Data:
━━━

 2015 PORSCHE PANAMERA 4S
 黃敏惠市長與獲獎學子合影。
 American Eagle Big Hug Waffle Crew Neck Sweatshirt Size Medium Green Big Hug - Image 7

━━━

Assignment: Every line of the data is to be retyped without alteration.

Solution for this problem:
 2015 PORSCHE PANAMERA 4S
 黃敏惠市長與獲獎學子合影。
 American Eagle Big Hug Waffle Crew Neck Sweatshirt Size Medium Green Big Hug - Image 7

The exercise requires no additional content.